The pumped flow of raw sewage from the lift station arrives at the Aeration MBBR section.

"Aquatech-USA" The basic principal of the moving bed process is the growth of the biomass on plastic supports that move in the biological reactor via agitation generated by aeration systems (aerobic reactors) or by mechanical systems (in anoxic or anaerobic reactors). The supports are made from plastic with a density close to 1 g/cm3 letting them move easily in the reactor even when the capacity reaches 70%..

The moving bed processes come from the current trend in wastewater treatment, from the use of systems that offer an increased specific surface in the reactor for the growth of the biomass, achieving significant reductions in the biological reactor volume.

Initially fixed bed systems were used, however it was discovered that this type of process show a series of operational inconveniences such as the blocking of the bed because of the excessive growth of the biomass, this makes periodical cleaning obligatory. These drawbacks have caused the need for the creation of simple biofilm processes that eliminate them and that ease their operation; these are the moving bed processes. This type of process can be applied both to treatment plants for the biodegradation of organic material as well as for installations with nutrient elimination, in urban and industrial wastewaters

Biological processing

The treatment plant will take suction from the pump well by its own feed pump. The pump is level controlled and has a capacity which is 2-3 times the average daily flow. The plant has therefore an intermittent working mode in terms of hydraulic flow, while the air blower supplying air to the bioreactors is continuously running. The biodegradation reactor comes in one or two stages depending on required cleaning

efficiency. Plants with higher cleaning efficiency than 80-85 % need a two-stage system. The bioreactors are degrading the dissolved organic matter by oxidation into carbon dioxide, which escapes to the air, and to biomass that acts as activated sludge.
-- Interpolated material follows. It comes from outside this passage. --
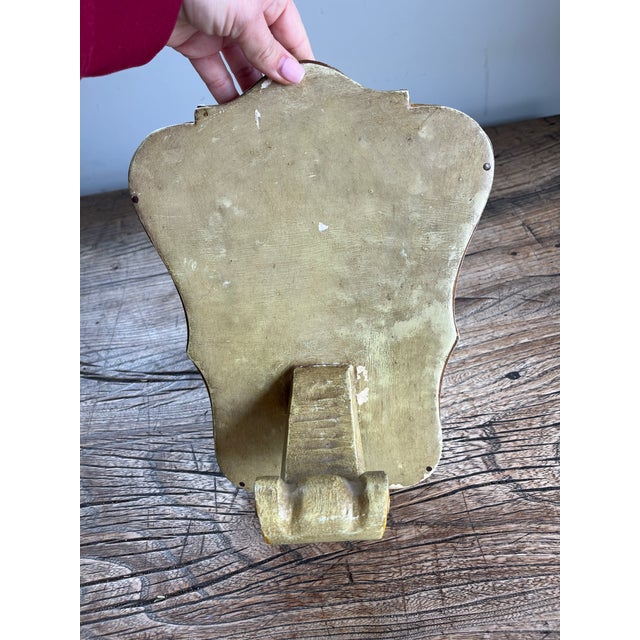 Vintage 1950's Chinoiserie French Italian Gilded Hand Painted Dressing Mirror For Sale - Image 10 of 10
A suspended, free floating biofilm carrier medium is providing a large, protected biofilm surface for the bacteria and is simultaneously accumulating the active bio sludge inside the reactors.


Main features

* compact & occupy very less space

* easy transportation.

* no chemical addition

* easy start up, semi automatic.

* central control

* less maintenance, low capital & operating cost.

* simple assembly and operated by on site labour.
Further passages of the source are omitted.